As my colleague Ilya Shapiro noted last fall in this space, the Cato Institute joined an amicus brief before the Sixth Circuit U.S. Court of Appeals in a case called EEOC v. Kaplan Higher Education. As Ilya summed up the underlying situation:

Following several incidents of employee theft, Kaplan University did what any reasonable employer might do in similar circumstances: it instituted heightened screening procedures for new hires. This process included credit checks to filter out potential employees at greater risk of committing theft. These checks made no mention of any applicant’s race and Kaplan didn’t collect any race information from applicants, thus making the hiring process both race‐​neutral and race‐​ignorant. Nevertheless, the Equal Employment Opportunity Commission, which itself uses credit checks in hiring decisions, sued Kaplan under Title VII of the Civil Rights Act, claiming that the use of credit checks has an unlawfully disparate impact on African American applicants.


Because Kaplan doesn’t keep racial data for applicants, the EEOC had to come up with its own data to prove its case. The agency thus created a team of “race raters,” a group of seemingly random people who sorted Kaplan’s job applicants into racial categories based only on the applicant’s name and DMV photo. (You can’t make this stuff up!) Because of the unscientific and unreliable nature of this data, the EEOC was soundly rebuffed in the federal district court in Ohio where it brought its case.

Yesterday, in a slapdown that’s already the talk of the legal community, the Sixth Circuit panel rebuffed the federal agency and roundly backed Cato’s view of the case. The ruling is short and sweet — go read it here — but here are a few prime tidbits for those in a hurry:

In this case the EEOC sued the defendants for using the same type of background check that the EEOC itself uses. …


The district court considered every one of the Daubert factors [on expert witness admissibility] — and found that [EEOC expert Kevin] Murphy’s methodology flunked them all. …


The EEOC’s case goes downhill from there. …


We need not belabor the issue further. The EEOC brought this case on the basis of a homemade methodology, crafted by a witness with no particular expertise to craft it, administered by persons with no particular expertise to administer it, tested by no one, and accepted only by the witness himself.

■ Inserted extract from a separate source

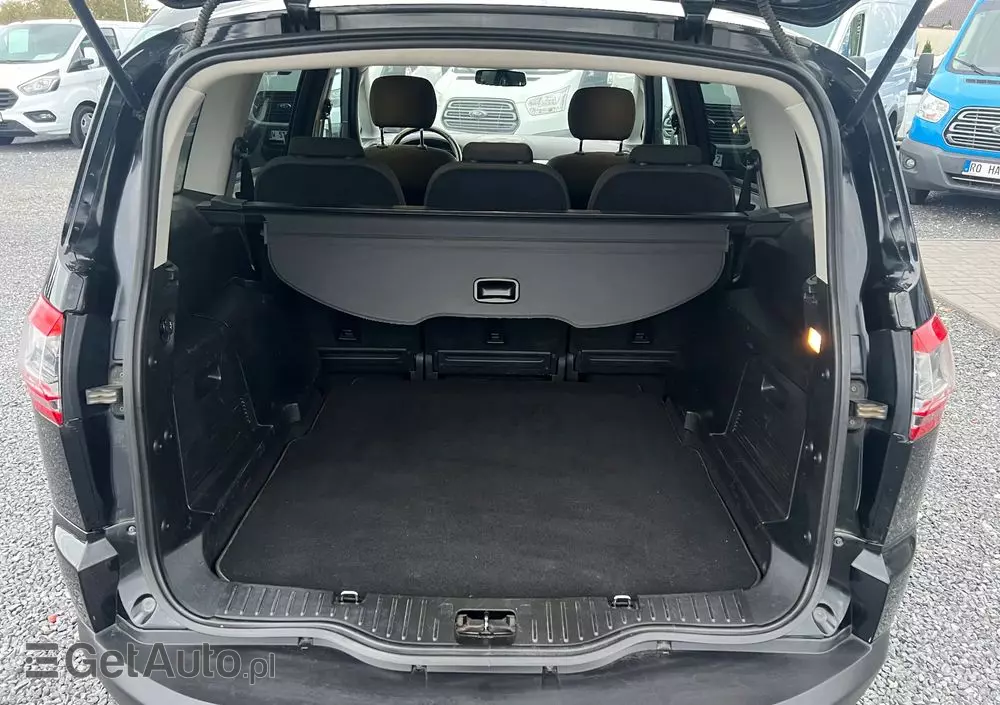 FORD S-Max 2.0 TDCi DPF Titanium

The outcome is a triumph for Seyfarth Shaw attorney Gerald L. Maatman, Jr. a dean of the employment bar, and all the more impressive because one of the three judges on the opinion is liberal lion Damon Keith, about as sympathetic a judicial ear as the EEOC could normally hope for. It’s a sharp setback for the agency’s dubious “disparate impact” campaign against employer use of credit and criminal records in hiring. And it’s also part of a pattern of rebuffs and defeats the EEOC has been dealt by judges across the country since President Obama turned the agency on a sharp leftward course with his appointments. We’ll have more to say about that pattern in future commentaries.